Subsequent juries have continued along these lines in the eleven editions of the Award, with participation enlarging to include international figures such as Alfonso Acocella, François Burkhardt, Marco Casamonti, Francesco Cellini, Francesco Dal Co, Luis Fernández-Galiano, Ignazio Gardella, Bernard Huet, Fulvio Irace, Juan José Lahuerta, Alessandro Mendini, Werner Oechslin, Antonio Pizza, Boris Podrecca, Gisela Podreka, Joseph Rykwert, Ignasi de Solá-Morales, Dietmar Steiner, Francesco Venezia and Mirko Zardini.
This alternation of jury members, selected from the worlds of architectural criticism, the major architectural reviews and those professions most sensitive to themes of construction technology and materials, ensured choices of works that express a plurality of methodological directions and languages and that are able to interpret and represent the many faces of today’s architecture.
In this way the Interntional Award Architecture in Stone has been able to maintain its own independent vision of the languages of contemporary times, de facto creating a privileged and critically refined observatory.

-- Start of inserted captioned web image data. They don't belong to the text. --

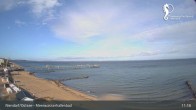 Archiv Foto Webcam Timmendorfer Strand: Ausblick Meerwasserhallenbad 10:00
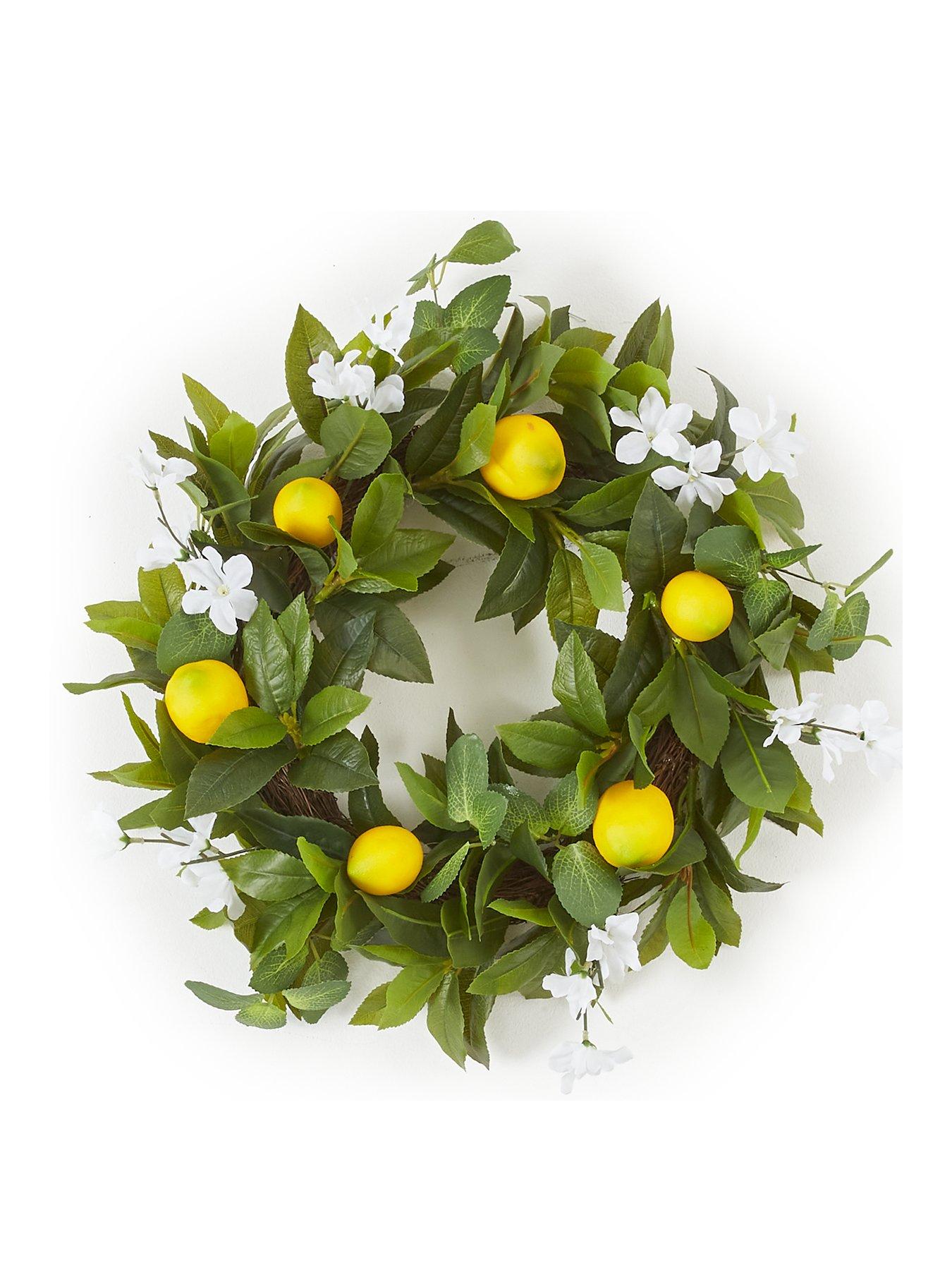 Image 2 of 4 of Very Home Lemon Wreath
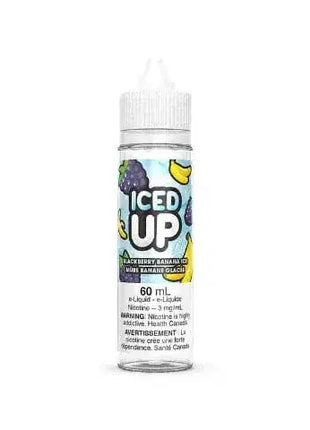 Iced Up Ice E-Liquid — 60mL - Liberty Vape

Over two decades it has performed in-depth research for the best architectural products where the presence of stone materials has traced a traverse path, declining the new languages that have appeared on the international scene and, in some cases, creating unseen ones.
Architecture in Stone, as examined by the Award over the years, has been the object of radical changes, unthinkable during previous decades even though they, too, were marked by the great innovations of the Modern Movement and the lengthy follow-up of Late Modernism. The International Award Architecture in Stone has not limited itself to recording these changes but has selected the most innovative works, without bending to the instrumental and mediatic processes often adopted by magazines: the only works of archistars that have been promoted are those where stone is declined in a truly original way; room was more often given to subterranean research areas, less well known but with a wealth of new contents, shedding light on works that reveal the talent of little known or just emerging creators of contemporary architecture.
The Award has also enriched itself, over time, with a historic “ad memoriam” section selecting masterpieces by authors who disappeared in the recent past and who are, today, forgotten or marginalized, rediscovering the geniality of the language of materials and of quality in building construction.
The latest editions have also included a “vernacular architecture” award, stimulating studies of architecture “without architects”, a purgatory for easy fashions, examining their contemporary relevance from the points of view of construction logic and the intelligent and rigorous use of materials.
Specific catalogues have given an analytical reading of the works selected in the eleven editions of the Award. These catalogues, published with the contributions of international critics and historians, create a corpus illustrating seventy constructions built using a myriad of types of stone, analyzed from the viewpoint of architectural criticism, of construction systems and techniques and of the properties and characteristics of materials. Their sequence, in chronological order, gives us an eloquent vision of the evolution of contemporary Architecture in Stone.
Many of the volumes of the Award are now out of print and difficult to find. The digital project Blog Architettura di Pietra, founded by Alfonso Acocella with the collaboration of Veronafiere, will put the seventy projects (texts and images) on the Internet, taking them from the Marmomacc archives and sharing them with the readers of the Blog.
In parallel an Atlas will be put on-line, containing more than fifty works published in the volumes edited during the Marmomacc exhibitions and dedicated to the architecture in stone of several countries: Spain, Germany and Italy, representative of quality in stone design. On-line divulgation, in addition to being a communication service, also aims at contributing to the extremely necessary debate on the quality of Architecture in Stone, and on the new horizons this “discipline” unveils to us in the unceasing parade of high quality events and constructions through which contemporary stone culture manifests itself.